(Short descriptive text snippets)
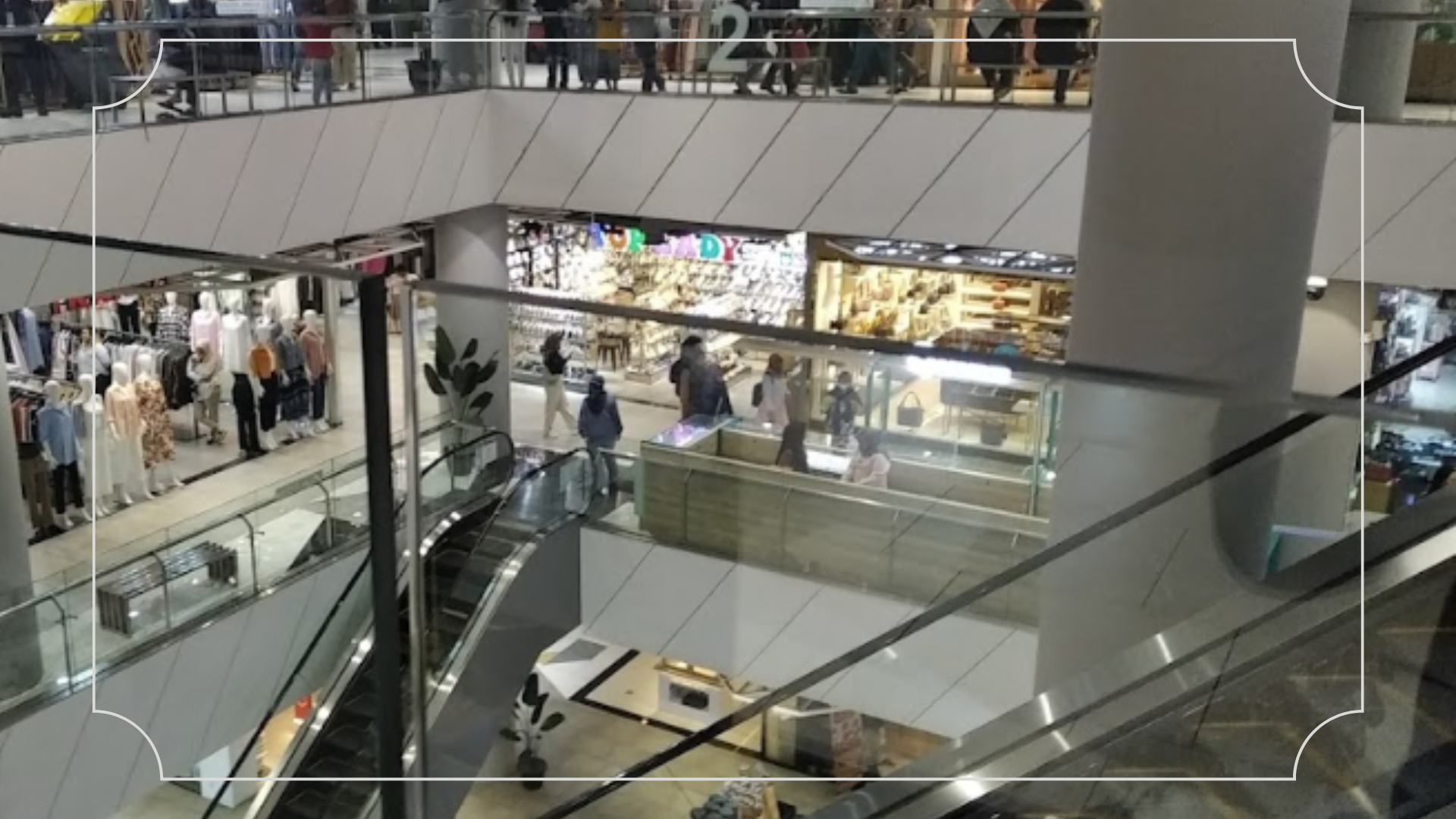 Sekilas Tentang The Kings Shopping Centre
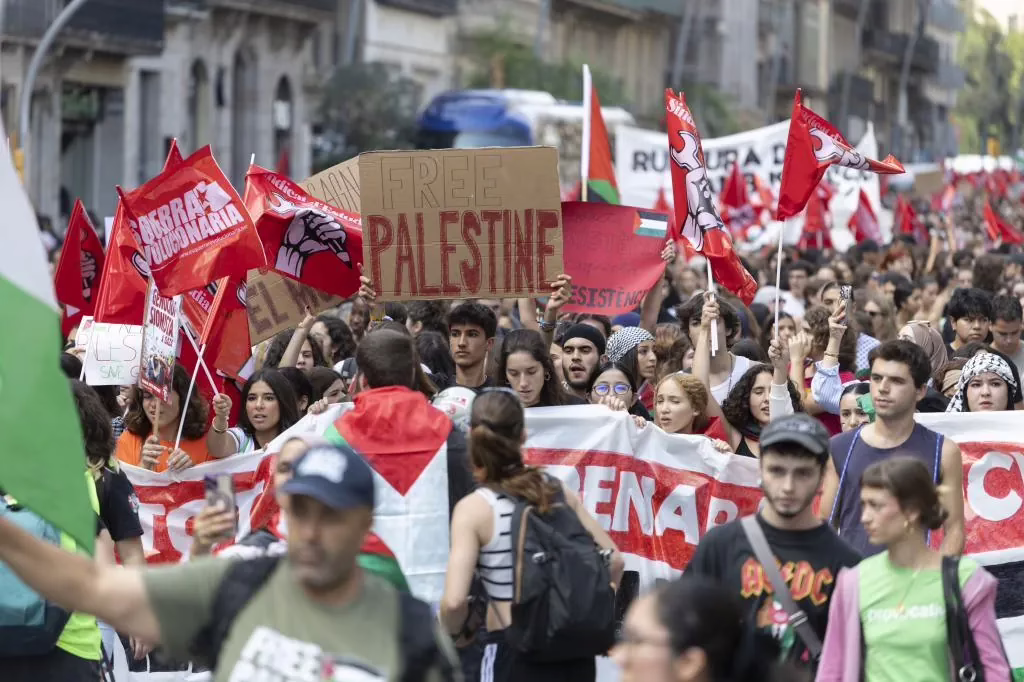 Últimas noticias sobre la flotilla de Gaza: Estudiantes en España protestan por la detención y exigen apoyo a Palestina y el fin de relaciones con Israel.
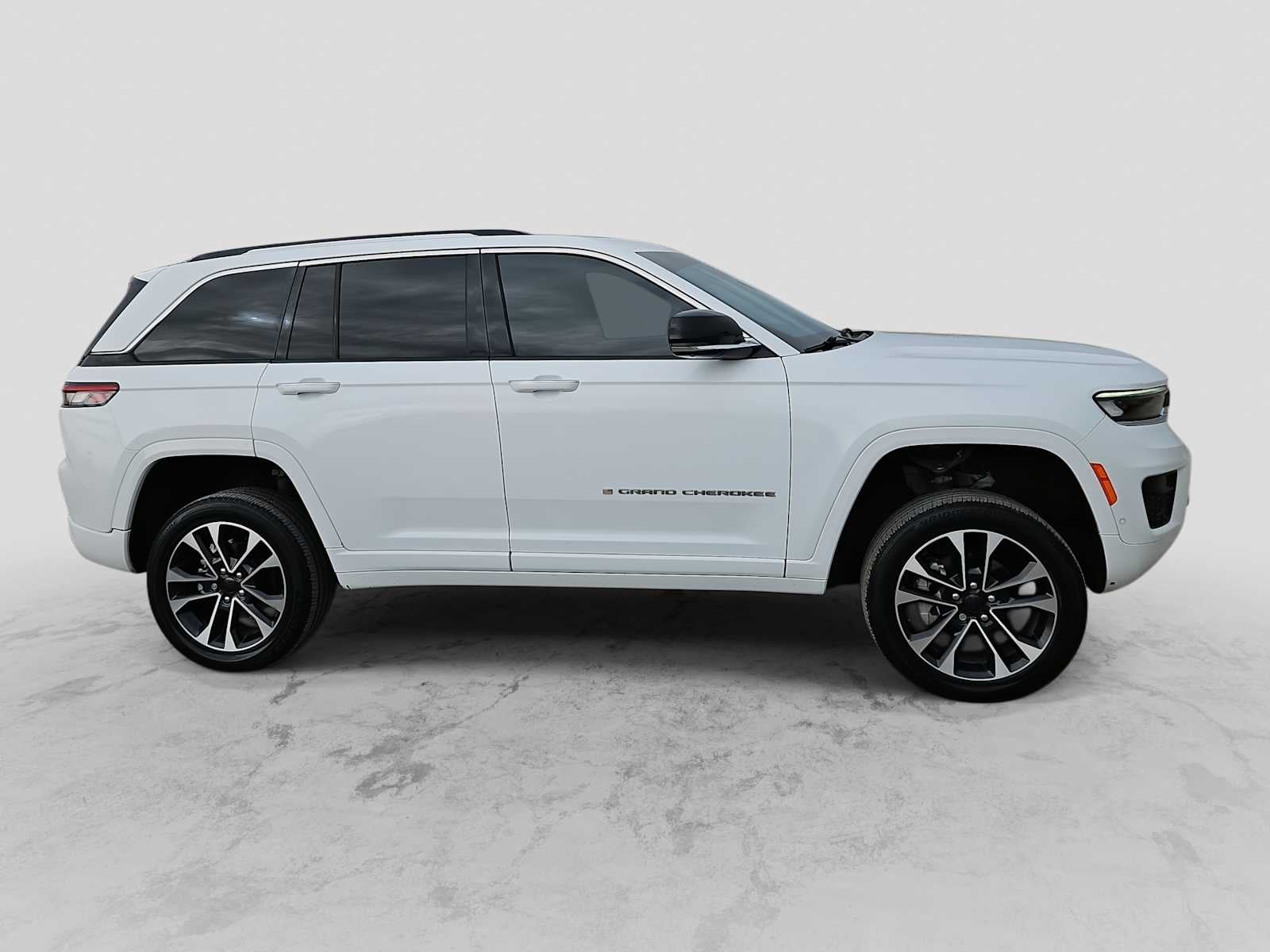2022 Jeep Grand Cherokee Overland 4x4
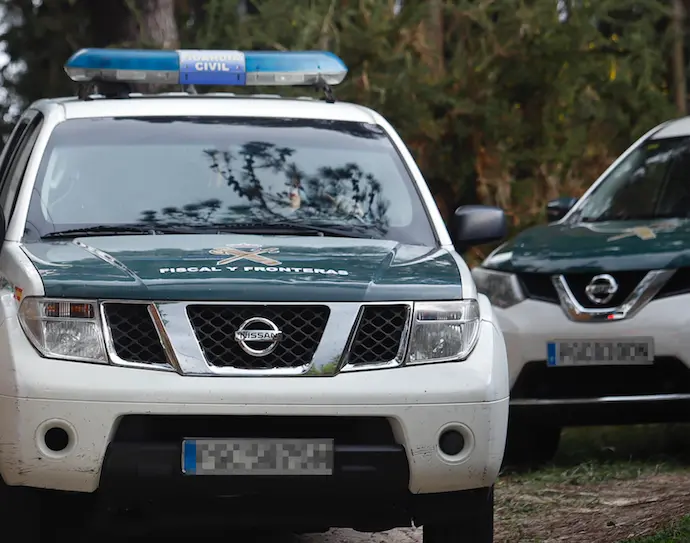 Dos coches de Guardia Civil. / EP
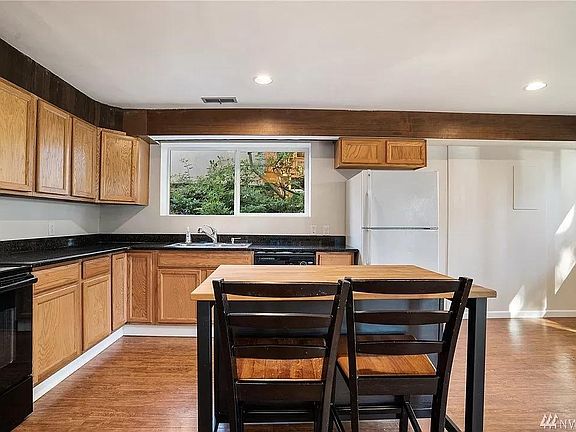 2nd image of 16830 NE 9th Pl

#### Work to complete
Pictures stay out of this copy; write out the entries above exactly.

#### Reply
 Sekilas Tentang The Kings Shopping Centre
 Últimas noticias sobre la flotilla de Gaza: Estudiantes en España protestan por la detención y exigen apoyo a Palestina y el fin de relaciones con Israel.
2022 Jeep Grand Cherokee Overland 4x4
 Dos coches de Guardia Civil. / EP
 2nd image of 16830 NE 9th Pl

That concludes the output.